Huh. I must admit, my own experience with chickens has been anything but deserving of respect. In fact - and here I must apologize to family members who thought they'd safely put this experience behind them - we used to raise chickens.
My Dad was the world's greatest armchair hobbiest. He would find something to obsess over, read everything he could find on the subject, ask as many people at work as would talk to him about it, then rally the troops to implement the scheme. We tried livestock twice. Once with rabbits, and again with chickens. In each case, the objective was a noble one: we would raise the livestock as a means of supplementing our food stores. Rabbit, when cooked correctly, is actually rather delectable (tastes like watered-down chicken, of course). The chickens would be layers, then eaten when they could no longer provide our daily cholesterol pellets.
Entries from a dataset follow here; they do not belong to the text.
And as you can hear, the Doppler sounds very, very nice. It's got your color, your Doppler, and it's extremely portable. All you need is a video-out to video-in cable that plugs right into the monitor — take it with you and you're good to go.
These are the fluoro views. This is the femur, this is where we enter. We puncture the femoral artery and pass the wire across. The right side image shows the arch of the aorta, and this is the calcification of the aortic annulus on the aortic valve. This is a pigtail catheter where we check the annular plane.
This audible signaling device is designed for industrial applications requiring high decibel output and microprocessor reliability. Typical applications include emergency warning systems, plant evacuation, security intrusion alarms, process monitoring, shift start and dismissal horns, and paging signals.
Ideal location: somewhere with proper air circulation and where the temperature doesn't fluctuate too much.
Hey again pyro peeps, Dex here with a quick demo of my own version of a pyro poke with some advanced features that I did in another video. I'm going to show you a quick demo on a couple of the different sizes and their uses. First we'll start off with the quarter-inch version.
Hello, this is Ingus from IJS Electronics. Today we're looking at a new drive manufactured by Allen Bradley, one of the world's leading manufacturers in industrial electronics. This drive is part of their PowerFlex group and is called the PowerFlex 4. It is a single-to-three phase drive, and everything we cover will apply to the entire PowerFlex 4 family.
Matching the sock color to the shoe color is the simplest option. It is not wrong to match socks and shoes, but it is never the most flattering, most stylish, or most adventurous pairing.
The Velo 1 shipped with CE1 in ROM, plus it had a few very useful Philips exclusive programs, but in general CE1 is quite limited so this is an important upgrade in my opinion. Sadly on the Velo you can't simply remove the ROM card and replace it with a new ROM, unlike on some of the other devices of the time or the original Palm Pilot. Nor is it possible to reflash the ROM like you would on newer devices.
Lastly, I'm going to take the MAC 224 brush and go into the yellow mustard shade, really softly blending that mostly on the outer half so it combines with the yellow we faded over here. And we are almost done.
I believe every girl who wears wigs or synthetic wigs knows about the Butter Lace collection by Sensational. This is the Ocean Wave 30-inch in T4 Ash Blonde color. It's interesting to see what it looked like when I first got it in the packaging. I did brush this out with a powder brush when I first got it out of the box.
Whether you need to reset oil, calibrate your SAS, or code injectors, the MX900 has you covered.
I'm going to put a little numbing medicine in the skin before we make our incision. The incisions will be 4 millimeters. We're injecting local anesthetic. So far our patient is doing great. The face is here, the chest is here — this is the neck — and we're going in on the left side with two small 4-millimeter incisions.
The problem, of course, was in (literally) the execution. When the time came to actually need to off the animals, Dad always developed cold feet. He had been raised on a farm as a boy, and I guess he figured it would be a simple matter to just go out, club the bunnies, skin 'em and fry 'em. He would spend days preparing us mentally for this traumatic experience. Then, when he thought the time was right, we would have this conversation around the dinner table:
Dad: So, I was thinking that we need to get those rabbits killed so we can try some rabbit stew for dinner. Greg (shooting a bemused glance in my direction), think you can handle that?
Me: Beg pardon?
Dad: All you need is a good baseball bat. You have one, don't you?
Me: Baseball bat?
Dad: (wondering how this genius could ever have sprung from his loins) Yes, son. A bat. You do have one, right?
Me: Um, yeah...
Dad: So, just take the rabbits out one by one, club them with the bat, then chop off their heads with my hatchet. Might want to wear old clothes since there's likely to be some spatter.
Me: Ummmm...
Ultimately, of course, we sold the rabbits.
When Dad announced that we were going to get fresh eggs every morning, we all - simultaneously - gave him the same reaction:
"You're kidding."
He assured us he was not, and set us to work preparing to become chicken ranchers. To this day, I have no idea whether we were really even zoned for keeping poultry in our backyard, but others had done so, and I'm pretty sure that was the extent of Dad's research. We built a coop under one portion of the house where an upper bedroom overhung the garage by a few feet. We fenced it in with chicken wire, built some nesting platforms, and waited for Dad to procure the pullets.
Naturally, no sooner did we have the chickens safely ensconced in their new home than we realized this was going to be another disaster in animal husbandry. We had five hens. At least, we assumed they were hens because one or two of them actually did lay an egg or two apiece. And that was it.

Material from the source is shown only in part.